金属器は地質構造と関連性が深いであろう。
中央構造線と鉱物資源の関係については以下のような解説がある。
中央構造線卑(ママ)近の鉱物資源をみてみると、四国では有名な別子銅山、吉野から伊勢にかけては伊勢白粉で有名な水銀、豊橋では愛知県の天然記念物である高師小僧とよばれる褐鉄鉱がとれました。
諏訪湖近辺では古代の鉄遺跡が見られますし、安中は鉱山ですし、少し南は今でも石灰を採掘している秩父武甲山があり、東の筑波山付近には古代の鉄遺跡が見受けられます。
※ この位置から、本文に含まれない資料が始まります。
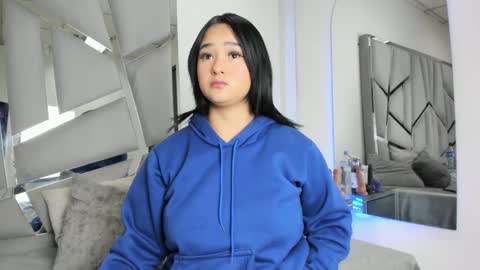 dianarous online show from 10.10.25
http://www.geocities.jp/tyuou59/kouzousen.html
岐阜に、金山彦という金属神をまつる南宮大社という神社がある。
金山彦大神を主祭神にまつり、全国の鉱山、金属業の総本宮として古くから信仰を集めている。江戸時代の神社建築の代表的な遺構18棟が国の重要文化財に指定されている。
南宮大社Wikipedia
諏訪大社の別名として南宮神社がある。
別名を南宮とも言い、諏訪大社、南宮大社、敢国神社の3社は何らかの関係がある様で、諏訪大社を本山、南宮大社を中の宮、敢国神社を稚(おさな)き児の宮と呼ぶという。
諏訪大社Wikipedia
タケミナカタに象徴されるのは、金属を扱う集団ということらしい。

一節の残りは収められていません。